Devin looked up into the face of a woman whose hair formed a moonlit halo around her head, but features were obscured by shadows. It was her staff she held against their sternum with increasing pressure, though, that held Devin’s attention.
“I said, give it back.” The woman twisted the tip of her staff harder into their chest.
Devin considered their options. None were good. The woman had gotten a jump on them without a sound so fighting their way out was not a sure thing. Giving up the bottle wasn’t good either, but at least they could try for something else in some other windswept town. Devin fished the bottle out of their pocket and turned it over with a sign. The woman slipped it into her pocket and removed her staff from their chest.
“Get on with you, then,” she said.
Devin stood up and backed up, wary of another attack, but none came. They stopped before opening a door and asked a question, “Why do you keep them out like that? You know how much they’re worth.”
The woman smiled. “In case someone needs one. It’s easier that way.”
Devin frowned. “I need one.”
The woman nodded. “All you had to do was ask.”
Devin’s brown wrinkled, but the woman said no more as she stood as still as the flotsam hung on the walls.
“Could I have one?” Devin asked, feeling the question was ridiculous, but there was nothing to lose. “Please?”
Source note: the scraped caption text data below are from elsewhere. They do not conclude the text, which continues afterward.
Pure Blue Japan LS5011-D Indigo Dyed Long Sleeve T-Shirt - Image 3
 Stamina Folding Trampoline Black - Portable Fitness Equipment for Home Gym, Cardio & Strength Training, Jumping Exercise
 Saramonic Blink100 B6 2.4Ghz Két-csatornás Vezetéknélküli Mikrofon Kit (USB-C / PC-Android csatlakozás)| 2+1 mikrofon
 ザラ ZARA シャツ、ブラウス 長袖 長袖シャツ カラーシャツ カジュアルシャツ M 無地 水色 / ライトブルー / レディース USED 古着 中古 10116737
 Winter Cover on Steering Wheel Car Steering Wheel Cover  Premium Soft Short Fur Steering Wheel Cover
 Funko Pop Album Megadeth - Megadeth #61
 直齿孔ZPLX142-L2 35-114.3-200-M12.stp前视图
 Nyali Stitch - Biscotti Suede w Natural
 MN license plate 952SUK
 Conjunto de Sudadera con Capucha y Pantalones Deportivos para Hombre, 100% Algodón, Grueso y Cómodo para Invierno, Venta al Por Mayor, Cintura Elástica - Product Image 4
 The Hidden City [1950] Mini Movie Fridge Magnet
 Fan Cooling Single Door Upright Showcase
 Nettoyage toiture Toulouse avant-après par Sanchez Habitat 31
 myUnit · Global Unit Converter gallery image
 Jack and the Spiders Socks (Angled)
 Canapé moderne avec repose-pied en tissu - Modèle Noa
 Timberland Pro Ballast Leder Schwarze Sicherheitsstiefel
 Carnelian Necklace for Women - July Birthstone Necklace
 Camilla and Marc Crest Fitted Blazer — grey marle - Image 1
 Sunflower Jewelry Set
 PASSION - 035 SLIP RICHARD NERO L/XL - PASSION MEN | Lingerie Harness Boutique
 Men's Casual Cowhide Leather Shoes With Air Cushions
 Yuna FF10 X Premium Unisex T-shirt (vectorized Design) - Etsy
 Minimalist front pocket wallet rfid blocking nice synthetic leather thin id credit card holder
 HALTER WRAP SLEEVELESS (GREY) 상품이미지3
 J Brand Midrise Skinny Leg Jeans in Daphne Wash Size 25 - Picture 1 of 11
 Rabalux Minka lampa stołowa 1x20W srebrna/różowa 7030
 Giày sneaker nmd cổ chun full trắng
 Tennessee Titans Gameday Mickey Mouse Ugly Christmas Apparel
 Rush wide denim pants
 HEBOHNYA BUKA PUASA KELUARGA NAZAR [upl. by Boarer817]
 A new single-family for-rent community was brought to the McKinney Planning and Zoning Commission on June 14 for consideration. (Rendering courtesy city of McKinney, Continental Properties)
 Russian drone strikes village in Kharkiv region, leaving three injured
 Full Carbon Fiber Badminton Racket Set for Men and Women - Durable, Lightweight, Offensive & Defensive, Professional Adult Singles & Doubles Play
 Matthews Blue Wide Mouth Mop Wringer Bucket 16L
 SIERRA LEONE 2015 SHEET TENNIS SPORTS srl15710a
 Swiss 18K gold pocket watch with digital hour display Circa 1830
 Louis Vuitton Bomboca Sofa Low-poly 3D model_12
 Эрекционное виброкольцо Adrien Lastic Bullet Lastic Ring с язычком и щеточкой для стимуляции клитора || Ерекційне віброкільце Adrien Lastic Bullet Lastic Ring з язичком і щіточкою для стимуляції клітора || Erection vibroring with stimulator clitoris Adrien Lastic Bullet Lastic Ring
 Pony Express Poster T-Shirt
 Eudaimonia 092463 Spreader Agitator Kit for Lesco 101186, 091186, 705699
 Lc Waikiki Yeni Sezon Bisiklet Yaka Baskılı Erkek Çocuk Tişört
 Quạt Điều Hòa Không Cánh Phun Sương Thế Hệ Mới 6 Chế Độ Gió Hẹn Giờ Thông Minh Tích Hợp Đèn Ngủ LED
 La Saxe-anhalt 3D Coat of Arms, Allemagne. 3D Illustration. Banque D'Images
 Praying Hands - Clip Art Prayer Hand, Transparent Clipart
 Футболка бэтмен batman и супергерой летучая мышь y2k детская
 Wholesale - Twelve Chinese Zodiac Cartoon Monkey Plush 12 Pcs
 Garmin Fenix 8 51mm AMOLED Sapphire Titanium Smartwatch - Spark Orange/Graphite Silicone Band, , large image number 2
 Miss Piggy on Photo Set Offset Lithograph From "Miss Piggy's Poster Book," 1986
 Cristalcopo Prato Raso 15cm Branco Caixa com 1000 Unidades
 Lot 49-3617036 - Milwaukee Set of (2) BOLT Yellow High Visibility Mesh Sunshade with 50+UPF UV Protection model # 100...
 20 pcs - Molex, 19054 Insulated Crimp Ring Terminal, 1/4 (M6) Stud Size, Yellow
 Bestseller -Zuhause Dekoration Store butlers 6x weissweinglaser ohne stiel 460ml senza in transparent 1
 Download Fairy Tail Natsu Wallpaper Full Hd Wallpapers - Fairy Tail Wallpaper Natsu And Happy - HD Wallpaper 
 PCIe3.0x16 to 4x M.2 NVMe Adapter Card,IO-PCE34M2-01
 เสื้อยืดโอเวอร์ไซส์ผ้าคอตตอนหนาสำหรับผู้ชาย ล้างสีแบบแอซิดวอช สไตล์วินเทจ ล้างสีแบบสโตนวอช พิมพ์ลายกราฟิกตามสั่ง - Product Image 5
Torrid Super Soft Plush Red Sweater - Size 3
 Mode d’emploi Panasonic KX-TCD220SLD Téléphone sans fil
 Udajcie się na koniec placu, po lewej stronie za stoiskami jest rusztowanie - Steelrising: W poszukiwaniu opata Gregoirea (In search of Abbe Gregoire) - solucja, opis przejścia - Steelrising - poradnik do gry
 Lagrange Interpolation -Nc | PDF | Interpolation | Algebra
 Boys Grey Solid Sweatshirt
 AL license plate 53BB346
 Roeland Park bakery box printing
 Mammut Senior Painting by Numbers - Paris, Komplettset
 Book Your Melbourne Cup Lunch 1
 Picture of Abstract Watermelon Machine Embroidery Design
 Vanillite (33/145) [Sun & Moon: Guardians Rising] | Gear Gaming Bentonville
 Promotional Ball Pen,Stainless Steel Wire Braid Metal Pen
The woman tossed the bottle over without hesitation. One smooth movement created an arch of green light that landed in Devin’s hand.
“Of course,” she said. “May it bring you good fortune.” She turned and melted into the shadows before Devin could call out thank you, but they double-checked that the door was locked behind them when they left and left a mark outside saying the bar was protected to warn the next potential thief to go elsewhere.